How To Cut Dovetails on the Tablesaw
Make better, faster through-dovetails, with a trick for perfect half-blinds, too
Synopsis: Get the look of hand-cut dovetails with the accuracy and ease of machinery, without a router or a dovetail jig. This method, explained by Gregory Paolini, uses the tablesaw to cut through-dovetails. When cutting the tails, the tablesaw locks in the cutting angle and allows you to make eight cuts from a single layout line using a fence and a stop block. To cut the pins, one side of every pin is cut with the miter gauge angled in one direction, and then it is angled in the other direction to cut the second side. Then use a thin board, resawn from beautiful lumber you’ve been saving for your drawer fronts, to add a false front and create the look of half-blind dovetails.
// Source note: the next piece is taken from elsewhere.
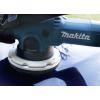 Makita D-74619 Plstěná podložka 150 mm se suchým zipem Průměr 150 mm 1 ks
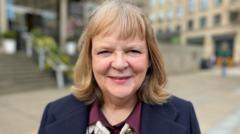 la ia encontró mi cáncer de mama porque era demasiado pequeño para ser detectado por el ojo humano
It takes an awful lot of practice to cut dovetails by hand and to do it well. Your sawcuts should be straight, at a consistent angle, and square to the board’s face. and you can’t cut into the baseline. Later, when you’re paring and attempting to make up for bad sawcuts, you can make things much worse.
There are ways to cut dovetails that bypass those challenges. With a router and jig, you’ll get straight and square tails and pins that have consistent angles. unfortunately, they won’t look as nice as hand-cut dovetails. It’s difficult to reproduce the wide tails and narrow pins that make the hand-cut version so appealing.
However, there is one power tool in your shop that excels at cutting straight and square, and can easily maintain the same angled cut for both tails and pins: the tablesaw. What’s more, because tablesaw blades are no more than 1⁄8 in. thick, you can reproduce hand-cut dovetail spacing, too.